# WHAT IS NEEDED:
Count lines, not occurrences: report how many lines in the records hold the string "bedroom", and nothing else.

[Caption-style text data]
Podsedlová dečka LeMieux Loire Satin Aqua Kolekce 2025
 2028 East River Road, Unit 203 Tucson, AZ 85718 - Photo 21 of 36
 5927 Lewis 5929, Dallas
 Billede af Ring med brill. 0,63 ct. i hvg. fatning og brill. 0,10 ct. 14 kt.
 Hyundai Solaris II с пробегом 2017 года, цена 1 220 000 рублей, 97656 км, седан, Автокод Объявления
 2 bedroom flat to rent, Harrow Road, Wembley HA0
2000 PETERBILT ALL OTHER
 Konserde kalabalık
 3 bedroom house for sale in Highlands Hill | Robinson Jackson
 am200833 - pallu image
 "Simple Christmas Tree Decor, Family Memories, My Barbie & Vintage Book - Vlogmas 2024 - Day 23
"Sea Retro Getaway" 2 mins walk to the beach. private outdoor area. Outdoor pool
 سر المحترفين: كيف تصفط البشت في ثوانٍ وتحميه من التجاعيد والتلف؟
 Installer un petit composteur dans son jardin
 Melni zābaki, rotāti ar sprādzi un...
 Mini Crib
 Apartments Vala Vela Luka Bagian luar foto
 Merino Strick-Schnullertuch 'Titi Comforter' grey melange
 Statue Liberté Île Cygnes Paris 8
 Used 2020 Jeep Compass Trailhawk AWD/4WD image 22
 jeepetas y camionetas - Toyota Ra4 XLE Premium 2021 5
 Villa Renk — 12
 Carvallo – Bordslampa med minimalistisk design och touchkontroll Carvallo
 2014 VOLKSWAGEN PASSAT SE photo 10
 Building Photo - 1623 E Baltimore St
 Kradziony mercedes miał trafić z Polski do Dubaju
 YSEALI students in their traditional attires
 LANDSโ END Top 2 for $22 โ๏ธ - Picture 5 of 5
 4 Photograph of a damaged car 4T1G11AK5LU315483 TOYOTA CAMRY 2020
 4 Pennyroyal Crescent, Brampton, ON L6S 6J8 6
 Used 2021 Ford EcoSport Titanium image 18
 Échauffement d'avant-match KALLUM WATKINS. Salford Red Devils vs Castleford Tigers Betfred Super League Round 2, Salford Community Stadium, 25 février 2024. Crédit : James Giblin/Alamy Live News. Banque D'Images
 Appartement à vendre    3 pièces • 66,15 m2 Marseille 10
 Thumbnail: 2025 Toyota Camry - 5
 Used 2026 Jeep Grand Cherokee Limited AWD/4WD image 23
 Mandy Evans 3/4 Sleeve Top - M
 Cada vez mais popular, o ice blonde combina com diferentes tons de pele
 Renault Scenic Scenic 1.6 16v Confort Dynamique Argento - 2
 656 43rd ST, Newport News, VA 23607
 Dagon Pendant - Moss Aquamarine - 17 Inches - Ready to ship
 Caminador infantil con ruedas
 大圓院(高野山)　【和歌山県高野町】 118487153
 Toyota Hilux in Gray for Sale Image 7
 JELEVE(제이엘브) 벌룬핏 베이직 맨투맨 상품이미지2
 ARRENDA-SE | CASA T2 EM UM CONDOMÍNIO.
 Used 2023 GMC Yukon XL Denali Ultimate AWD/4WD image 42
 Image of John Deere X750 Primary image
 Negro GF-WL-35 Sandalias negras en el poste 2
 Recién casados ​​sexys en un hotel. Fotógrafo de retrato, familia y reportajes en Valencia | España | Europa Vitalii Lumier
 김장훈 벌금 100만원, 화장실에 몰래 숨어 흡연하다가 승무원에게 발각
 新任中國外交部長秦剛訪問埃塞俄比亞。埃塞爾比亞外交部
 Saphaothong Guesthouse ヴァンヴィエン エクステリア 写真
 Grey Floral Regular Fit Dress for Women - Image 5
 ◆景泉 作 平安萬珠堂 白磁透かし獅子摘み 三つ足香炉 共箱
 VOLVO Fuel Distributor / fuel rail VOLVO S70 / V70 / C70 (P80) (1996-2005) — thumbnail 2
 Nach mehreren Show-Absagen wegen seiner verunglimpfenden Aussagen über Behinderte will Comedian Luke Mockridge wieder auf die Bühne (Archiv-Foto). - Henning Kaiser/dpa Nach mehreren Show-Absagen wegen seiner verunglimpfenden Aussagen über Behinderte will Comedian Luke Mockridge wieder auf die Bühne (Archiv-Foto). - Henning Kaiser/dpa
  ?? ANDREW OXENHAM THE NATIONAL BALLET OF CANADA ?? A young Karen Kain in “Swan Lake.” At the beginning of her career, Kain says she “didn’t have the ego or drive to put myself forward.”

# REPLY TO THE EXERCISE:
2